Information provided:
#####
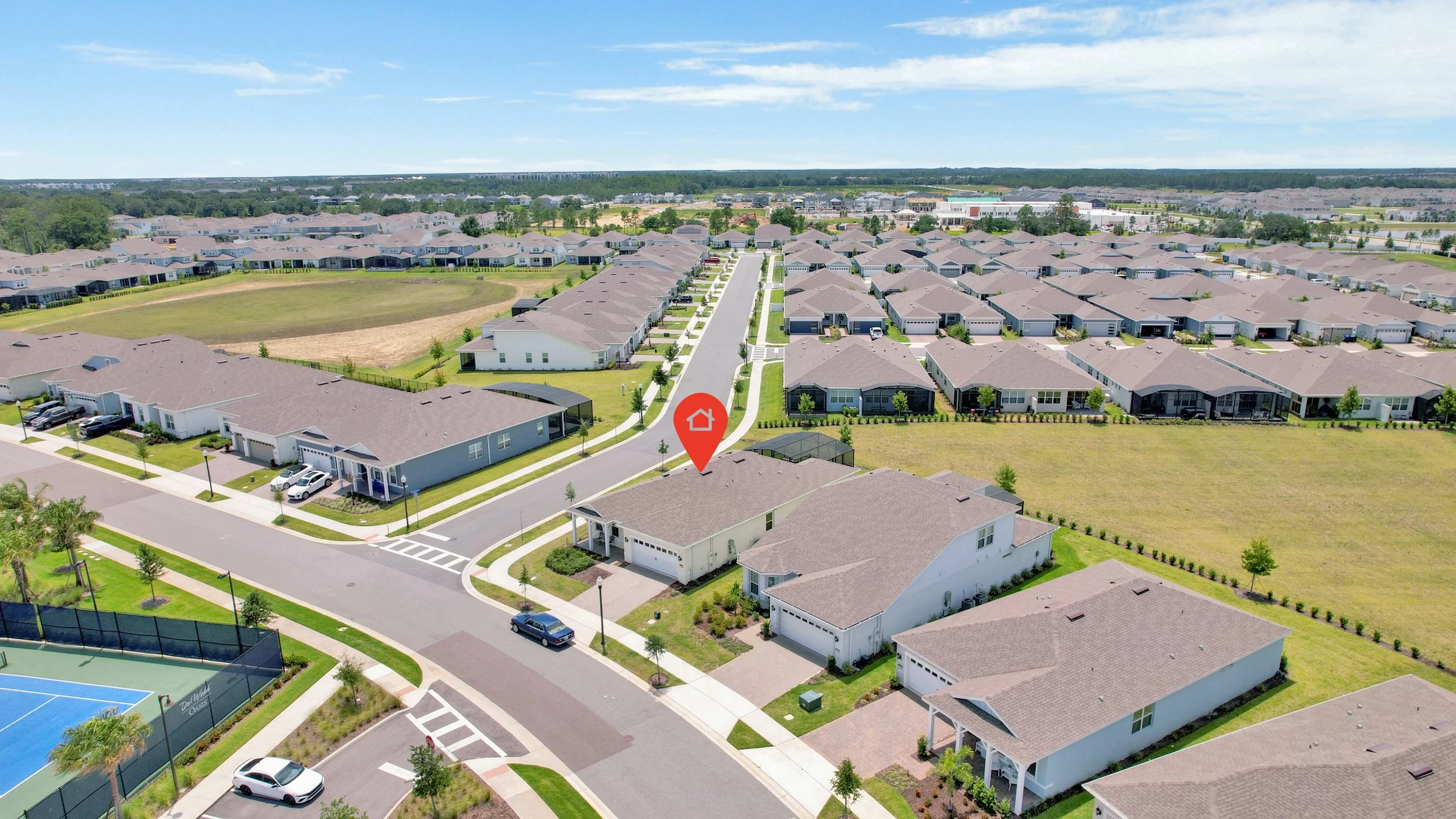 Aerial view of a suburban neighborhood with rows of single-family homes, green lawns, and a park area, under a blue sky with scattered clouds.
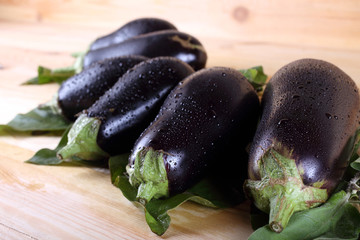 Aubergines on table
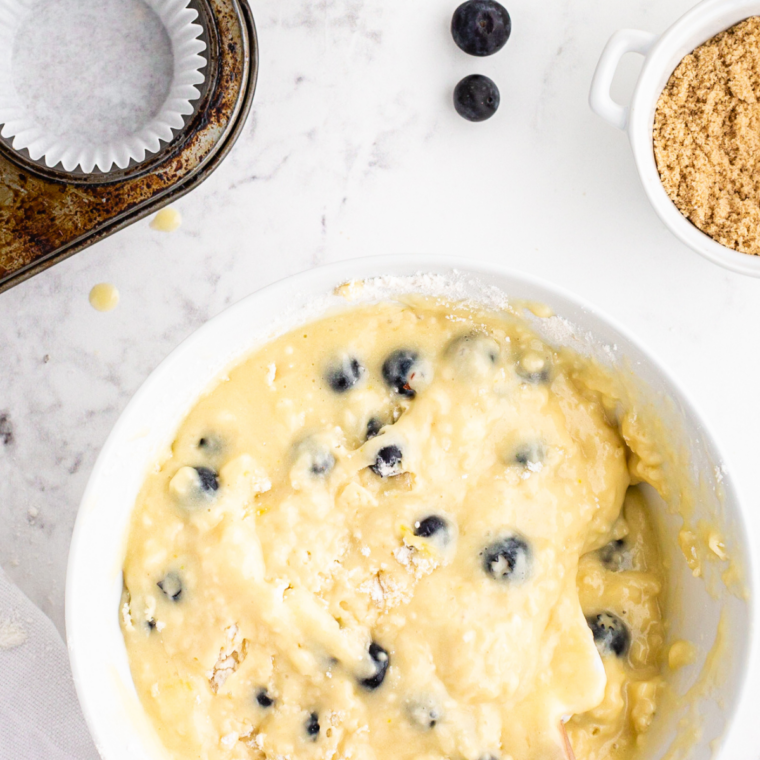Folding wet and dry ingredients with a spatula until the batter is lumpy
#####
What to do: Return all the material exactly, skipping pictures.

Answer for this exercise:
 Aerial view of a suburban neighborhood with rows of single-family homes, green lawns, and a park area, under a blue sky with scattered clouds.
 Aubergines on table
Folding wet and dry ingredients with a spatula until the batter is lumpy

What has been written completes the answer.